Put that on a business card and see how it reads.
Sorry Skyth, but it’s not working.
As a whole, the composition is just sort of weird — a mishmash of random shapes, colors, and slogans tossed together into a salad of stuff.
Agreed. There’s for too much going on.
It appears as though you’ve taken every recently learned skill and attempted to use each of them in a single logo.
Don’t get me wrong, every designer has been there. Myself included. Eager to apply skills - in most cases, too many of them.
Start by losing everything, except the typography. Choose a single symbol or a graphic that means something to you. Try to fashion that symbol into, or in close proximity to your typography, and see how that looks.
Remember a slogan or tagline is a separate element. It shouldn’t appear with the confines of the logo itself. I can barely read that line of type on screen, without a doubt whatever you choose to print this on, you’ll have a blob of illegible type and graphics.

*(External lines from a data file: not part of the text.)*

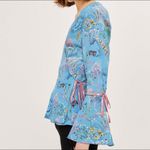 Topshop Magical Leopard Print Wrap Blouse Photo 6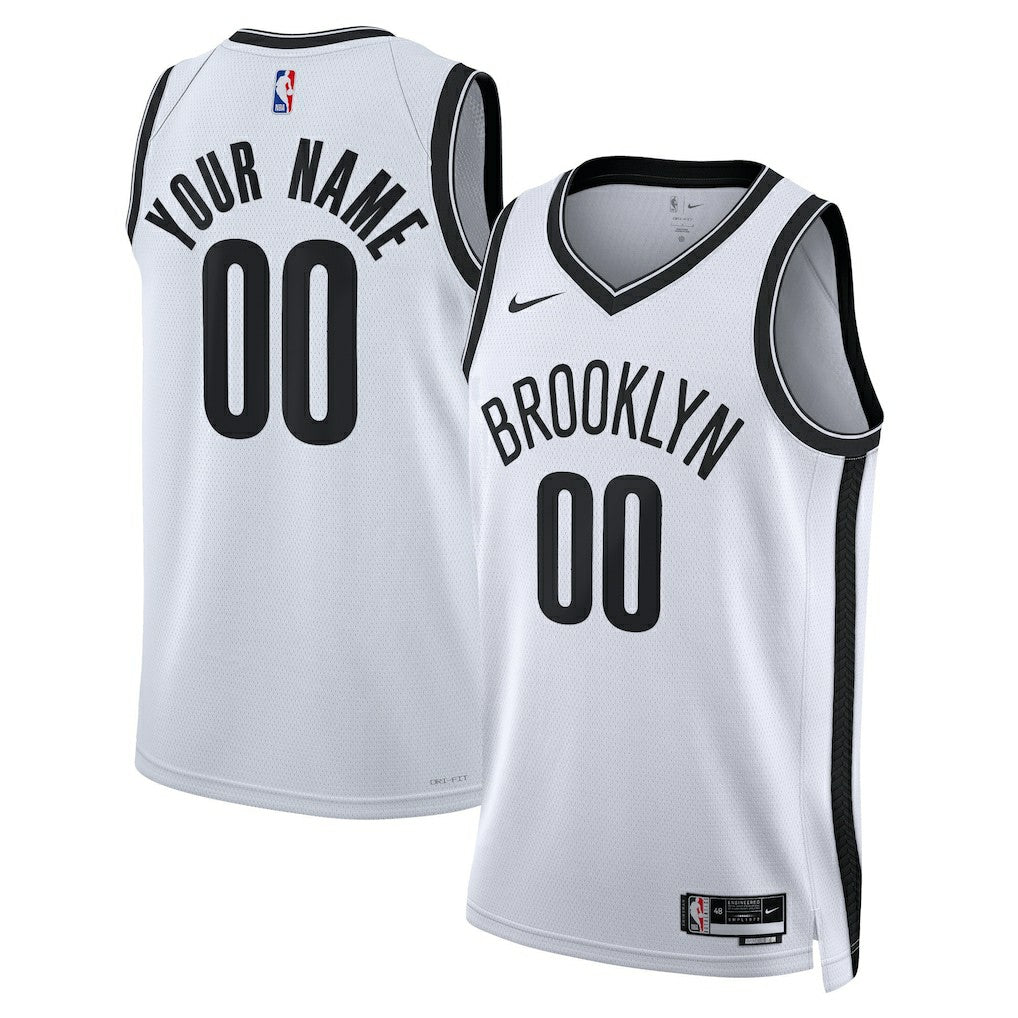 Nike Brooklyn Nets Unisex Swingman Custom Jersey White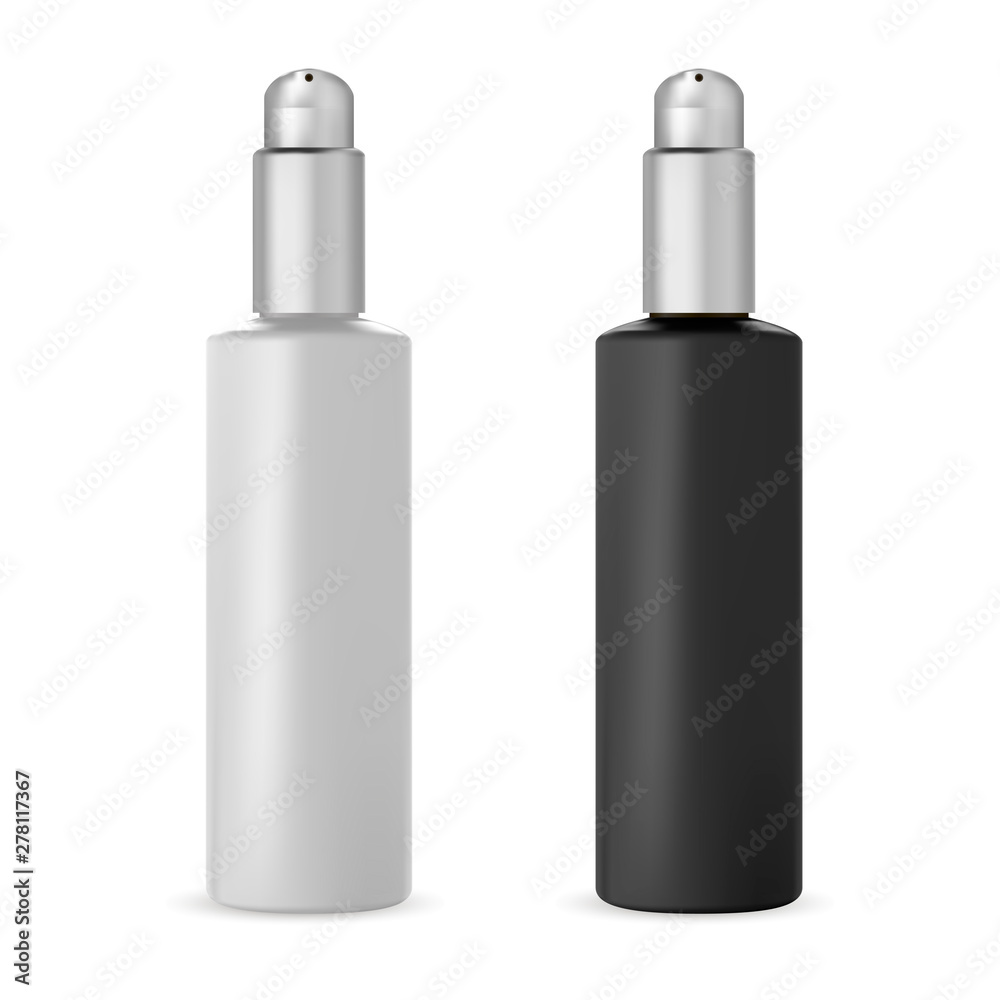 Pump dispencer bottle. Plastic cosmetic packaging illustration. Cream or gel container template. Isolated packaging for shampoo, foam, bath hygiene. 3d tube mockup Pump dispencer bottle. Plastic cosmetic packaging illustration. Cream or gel container template. Isolated packaging for shampoo, foam, bath hygiene. 3d tube mockup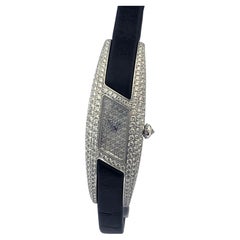 Cartier Himalia White Gold and Diamond Ladies Wrist Watch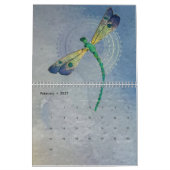 Calendrier des papillons et libellules 2020 (Feb 2027)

My apologies for being a bit… overcritical… but I often wished someone had been as such with me during my earlier years of design.
Thanks for your response Biggs. It has really opened my eyes.
I will surely consider all your points in my next design.
No, i used Coreldraw.
I’m planning to know Coreldraw first and then start using Adobe software’s.
There’s a raster image in the center element.
Raster parts are not a good idea in logos.
In the post title, you asked, “How can I improve?” I’m not trying to be overly harsh or discouraging, but this can’t be improved. It needs to be scraped altogether, and you need to start fresh. Start with a sketch pad and pencil. Sketch out ideas – dozens of them – before moving to the computer.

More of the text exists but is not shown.